It later became routine, when a corpse was taken to the morgue, “to crack his skull with a big wooden mallet to make sure.”111

Escapes were occasionally made, but very seldom with any success. They were acts of desperation; but, of course, there was enough desperation to produce them. In the Pechora area, the NKVD offered a reward of eleven pounds of wheat to anyone turning in an escaped prisoner. In the early 1930s, escaped prisoners in other regions were sometimes sheltered by the peasantry, but this was very seldom true among the terrorized kolkhozniks of the Purge period. There were, nevertheless, rare successes. Gypsies, in particular, sometimes reached encampments of their own race where its solidarity saved them from discovery. And odd individuals, like the Spanish Communist general El Campesino, made completely successful escapes.

Recaptured prisoners were always brutally manhandled, and almost invariably shot.

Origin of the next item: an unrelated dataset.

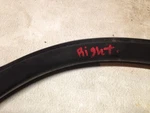 97 98 99 01 02 Porsche Boxster Convertible Roof Rubber Pillar Right Oem. Fixed Price $189.00.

For any escape on the march to the camps from the railheads, the guards were charged with complicity and sentenced to two or three years, which they continued to serve as guards but without pay. This made them extremely vigilant. In the camps, too, “if anybody got out it was hell on the guards and they kept on the go without food or sleep. It made ‘em so mad they often didn’t bring the fellow back alive.”112

One consequence of this vigilance was continual counting of prisoners:

The lieutenant stood still and watched. He’d come outside to double-check the count. That was the routine when they left the camp.

The men meant more to a guard than gold. If there was one man missing on the other side of the wire, he’d soon be taking his place.…113

They counted you twice on the way out—once with the gates still shut, so they knew if they could open them, and then a second time, when you were going through the gates. And if they thought there was something wrong, they did a recount outside.”114

This is one of several interesting parallels with Dostoevsky’s account of forced labor in the 1840s, in The House of the Dead:

The prisoners are lined up, counted and called over at dawn, midday and nightfall, and sometimes more often during the day, depending on the suspicions of the guards and their ability to count. The guards often made mistakes, counted wrongly, went away and then came back again. Eventually the wretched guards would succeed in arriving at the right figure and lock up the hut.

In a general comparison between this century and the last, we note that in Dostoevsky’s time prisoners had considerably more freedom of action inside the camp, and were not under such strict guard outside either, though Dostoevsky mentions that his convicts are serving “incomparably” the worst of the three types of hard labor. With the exception that in Dostoevsky’s camp the main sanction is frightful floggings, which sometimes result in death, rather than the “isolators,” the life of the convict was on the whole preferable in his descriptions to those of Solzhenitsyn and the others. Each convict has his own box with a lock and key. Prisoners keep domestic animals. They do not work on Sundays or feast days, or even on their own name days. Jews and Moslems have parallel privileges. The food is greatly superior, and prisoners on the sick list go into town to buy “tobacco, tea, beef; on Christmas Day, suckling-pig, even goose.” They even have enough bread to spare for the horse of the water carrier.

The convicts in The House of the Dead are all, indeed, really guilty of one or another offense—often murder, like the hero Goryanchikov—though there are about a dozen political prisoners out of thirty.